We got some trout and a Spanish fer deener...


----------



## Pops (May 30, 2010)

Nice We got out of there before the downpoor luckly I see the spanish are in though might need to go catch a few


----------



## ScullsMcNasty (Oct 4, 2007)

if you dont mind me asking... what bait were you using for them and what kind of set up?? thanks in advance


----------



## Rammer Jammer (Oct 1, 2007)

Are spade fish good to eat? I caught two really good ones on Saturday and wasn't sure if they were good eatin or not. Seems like I heard they were - all white meat - but wasn't sure. 

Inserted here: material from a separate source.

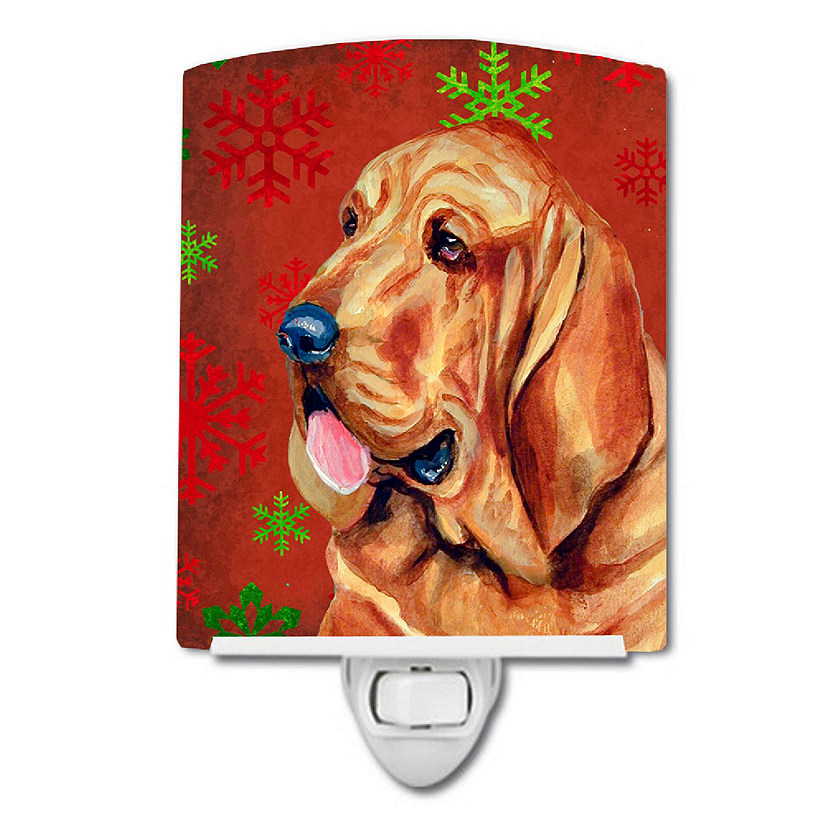 Caroline's Treasures Christmas, Bloodhound Red and Green Snowflakes Holiday Christmas Ceramic Night Light, 4 x 6, Dogs Image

Skulls - I caught these on frozen shrimp. One right after the other and that was it - guess they were passing through.


----------



## Pier Fisher12 (May 30, 2010)

Yes the are very good to eat in my opinion.


----------



## Pops (May 30, 2010)

I was using fresh shrimp I picked up from joe patties and I had a 1/4oz weight tied about 1ft abovea 1/0 plan shank hook(i didn't needthe weightcause they were on surface) and just watching them pick on my bait then when they ran off with it the fight was on they all ran under the bridge though so keep your drag tight so they don't cut you off.

A rammer jammer yes they are very great eats


----------



## Get Reel (May 29, 2010)

Nice! I've had very little luck off the new fishing pier: only catching some white trout which we just use for our pinfish trap in Alabama.


----------